▶ **PROVIDED RECORDS**:

╭──

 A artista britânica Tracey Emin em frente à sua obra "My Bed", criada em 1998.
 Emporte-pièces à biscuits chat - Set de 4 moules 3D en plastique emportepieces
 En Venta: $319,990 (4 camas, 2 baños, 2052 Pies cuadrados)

╰──
╭──

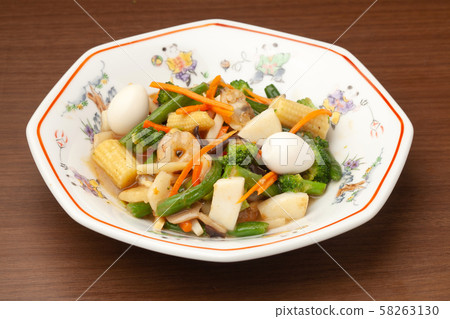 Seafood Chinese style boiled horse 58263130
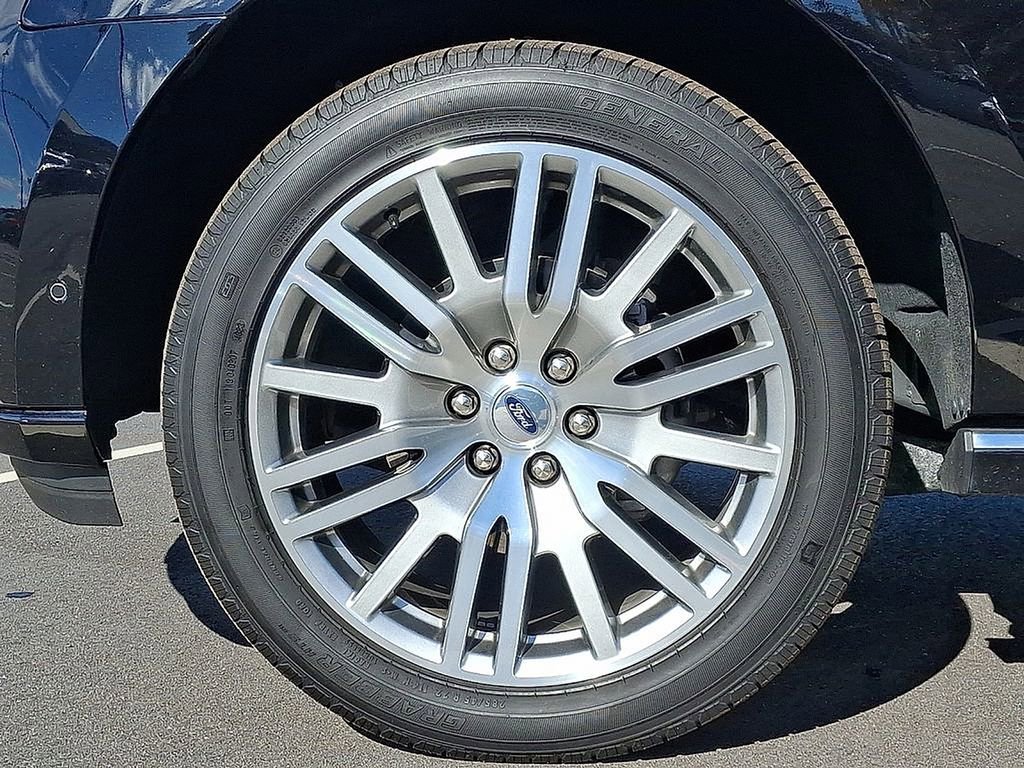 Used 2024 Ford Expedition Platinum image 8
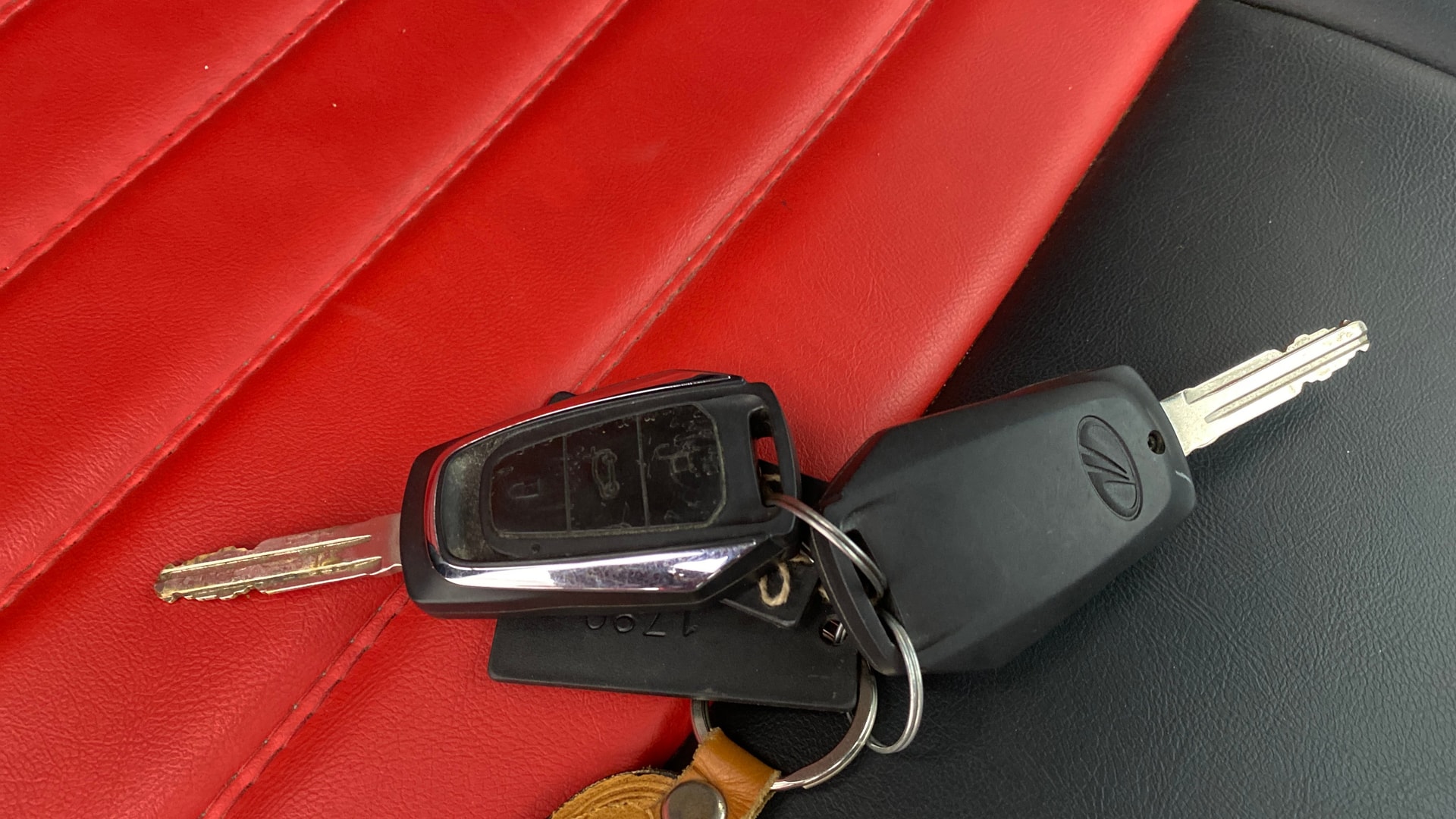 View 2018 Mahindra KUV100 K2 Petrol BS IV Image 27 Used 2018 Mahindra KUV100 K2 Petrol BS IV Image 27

╰──
╭──

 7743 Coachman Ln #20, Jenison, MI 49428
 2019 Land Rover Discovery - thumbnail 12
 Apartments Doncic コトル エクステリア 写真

╰──

Look above for the line with "2019 Land Rover Discovery - thumbnail 12"; retype exactly that line, every line after it up to the line with "Apartments Doncic コトル エクステリア 写真", and that line too, nothing else.

 2019 Land Rover Discovery - thumbnail 12
 Apartments Doncic コトル エクステリア 写真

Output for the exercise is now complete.